According to traditional doctors, leukorrhea was caused by excessive residue and weak digestion, and herbal treatments were the main form of treatment. Herbs such as Rubus fruticosus L. (blackberry), Phoenix dactylifera L. (date), Pimpinella anisum L. (anise), and Olea europaea L. (olive) were prescribed to treat the condition. (13)
How Do Doctors Diagnose Leukorrhea
Here are some criterias to be followed when diagnosing leukorrhea: (14)
- Vaginal discharge can be caused by either normal physiological processes or pathological conditions. During a clinical consultation, it is important to distinguish between the two. A history of a change from the usual pattern of vaginal discharge should be explored as this may help differentiate between the two.

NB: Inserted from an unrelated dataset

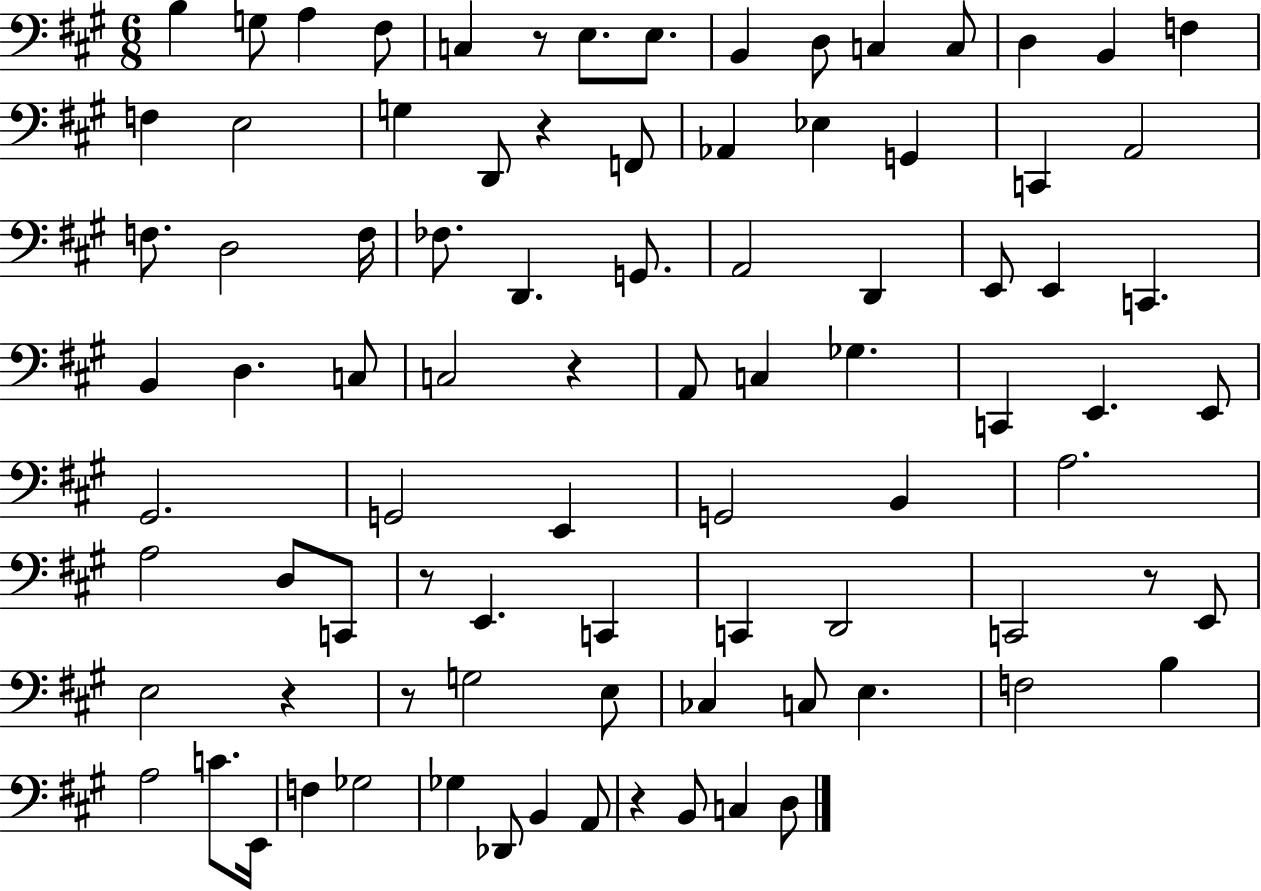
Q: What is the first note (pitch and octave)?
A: B3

During a physical examination, inflammatory symptoms such as erythema and edema may be helpful.
- The use of narrow-spectrum pH paper as a point-of-care tool can help assess for a vaginal infection.

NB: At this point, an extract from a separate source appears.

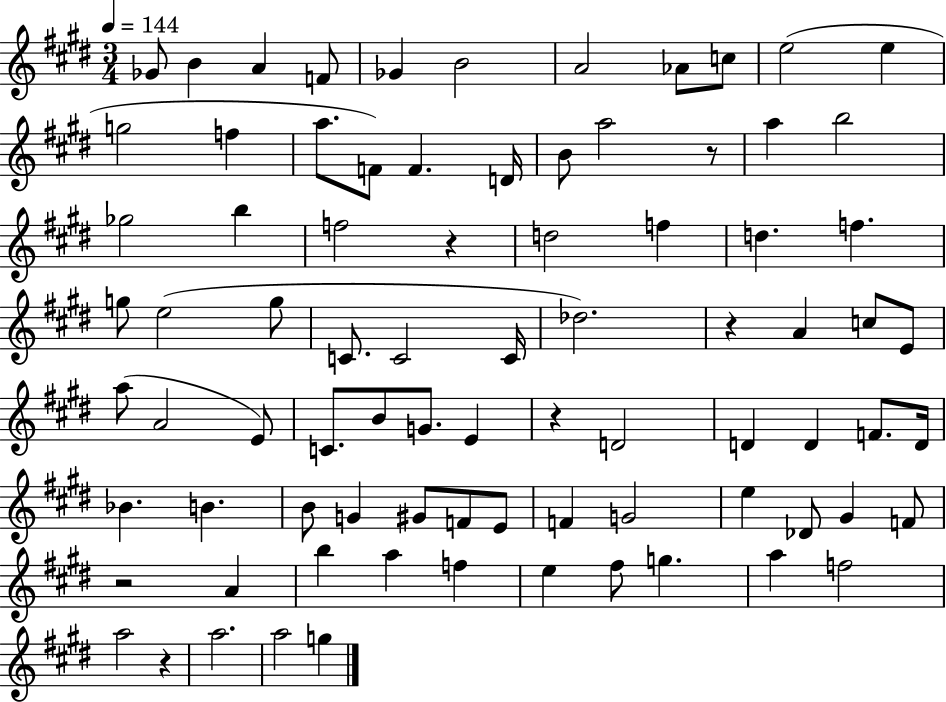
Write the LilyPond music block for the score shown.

- High vaginal swabs for microscopy, culture, and sensitivity may be necessary for those with chronic or recurrent symptoms.
- Testing for sexually transmitted infections (STIs) is recommended in high-risk sexually active women or those with trichomoniasis.
Most-Asked Questions About Vaginal Discharge
Is vaginal discharge the same in all women?
Normal vaginal flora, such as lactobacilli, colonizes the vaginal epithelium and helps keep the vaginal pH between 3.8 and 4.4. The quality and quantity of vaginal discharge may vary in the same woman throughout her menstrual cycle, and over time, and each woman has her own sense of what is normal and acceptable for her.
This discharge helps protect against infections and may change in appearance and consistency depending on the stage of the cycle. It is important to be aware of any changes in the discharge and to contact a doctor if any unusual smells, colors, or textures are observed. (15)
Can I have vaginal infections if I am not sexually active?
Vulvovaginal candidiasis and bacterial vaginosis can develop independently of sexual activity, but trichomoniasis is mainly transmitted through sexual contact.
It is important to practice safe sex to reduce the risk of contracting trichomoniasis and other sexually transmitted infections. It is also recommended to see a doctor if any unusual discharge or symptoms are observed. (15)
Is vaginal discharge normal when you are not on your period?
Experts say that white or clear discharge from the vagina helps keep it clean. It is normal for your body to produce around a teaspoon of vaginal discharge every day, but this amount may vary depending on the stage of your menstrual cycle.
What is the vaginal discharge during the menstrual cycle?
Professionals explain that during ovulation, when eggs are released from the ovaries, the discharge may become thin and stretchy, such as egg whites. As you get closer to your period, the discharge may become thicker and stickier.
Vaginal discharge should not contain any smell, and if it does, you should contact your doctor as it may be a sign of infection.
Is vaginal infection common in children?
Vaginal infections in children can occur, especially in girls between the ages of 2 and 6 years.
One of the main reasons for these infections is poor hygiene in the genital area. For example, wiping from back to front after using the bathroom or forgetting to wash the hands can increase the risk of infection. (16)
Certain chemicals found in bubble baths or soaps can also irritate the vulva (the outer part of the vagina) and cause inflammation and itching. This irritation may happen repeatedly.
Sometimes, vaginal infections in children can be caused by foreign objects that accidentally get inserted into the vagina. Experts warn that this can lead to a type of infection called nonspecific vaginitis, which may result in a small amount of bloody discharge.
Vaginal discharge can be dealt with naturally with the use of remedies and by following a proper diet that facilitates rehabilitation of normal vaginal flora grades. Nonetheless, if the discharge continues long after home treatment, you should seek help from your doctor.